▶ Try it
Leaving the pictures aside, write out the whole listing below exactly.

───── Material provided ─────

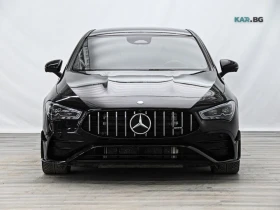Mercedes-Benz CLA 35 AMG* 4MATIC* AвтоКредит* (ЦЕНА ДО БГ), снимка 3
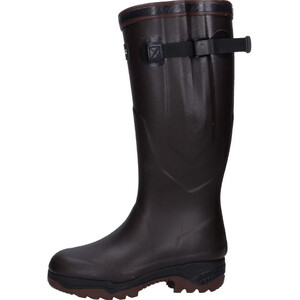 Aigle Rubberlaars PARCOURS 2 ISO BRUIN GR.41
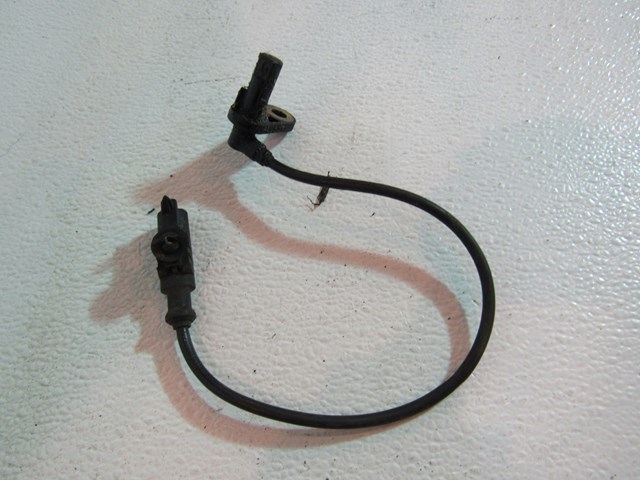 2007 2008 Infiniti G35 Sedan Rear LH ABS Sensor 47900 EG000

─────

▶ Written solution
Mercedes-Benz CLA 35 AMG* 4MATIC* AвтоКредит* (ЦЕНА ДО БГ), снимка 3
 Aigle Rubberlaars PARCOURS 2 ISO BRUIN GR.41
 2007 2008 Infiniti G35 Sedan Rear LH ABS Sensor 47900 EG000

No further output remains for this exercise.